Die Haie haben längst Blut geleckt

Die Innsbrucker Haie leiteten am Montag die Pre-Season in der Erste Bank Eishockeyliga ein. Wie in den beiden vorangegangenen Spielzeiten will man wieder unter den Top sechs den Einzug ins Play-off lösen.

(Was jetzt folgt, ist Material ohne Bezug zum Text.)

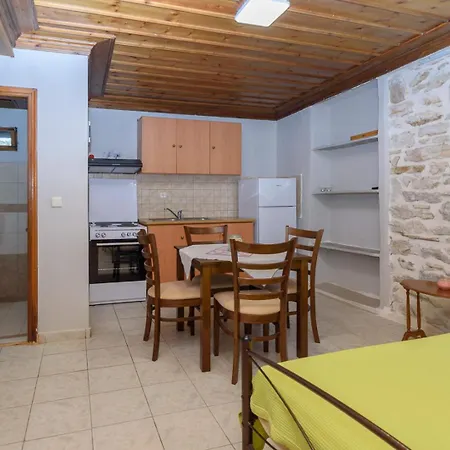 Country house Atesi House-lefokastro *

© gepaDie Haie um Kapitän Tyler Spurgeon, Mario Lamoureux, Levko Koper, Matt Climie und Nick Ross (v. l.) gingen am Montag bei Sponsor „Renault Dosenberger“ wieder auf Tuchfühlung zu den Fans.



Von Alex Gruber

Innsbruck — Wenn man bei brütender Hitze Anfang August an ein Eis denkt, dann wohl eher an eins zum Lutschen. Scherz beiseite. Die Innsbrucker Haie kündigten am Montag mit all ihren Neuerwerbungen die kommende Eiszeit in der EBEL an. Charme-Offensive muss man keine betreiben. Denn es war bärenstark, was die Truppe unter der Regie von Headcoach Rob Pallin jeweils auf Platz fünf nach dem Grunddurchgang 2016/17 (66 Punkte) und 2017/18 (71 Zähler waren neuer Rekord) abgeliefert hat. Die Haie haben sich die Latte selbst hoch gelegt.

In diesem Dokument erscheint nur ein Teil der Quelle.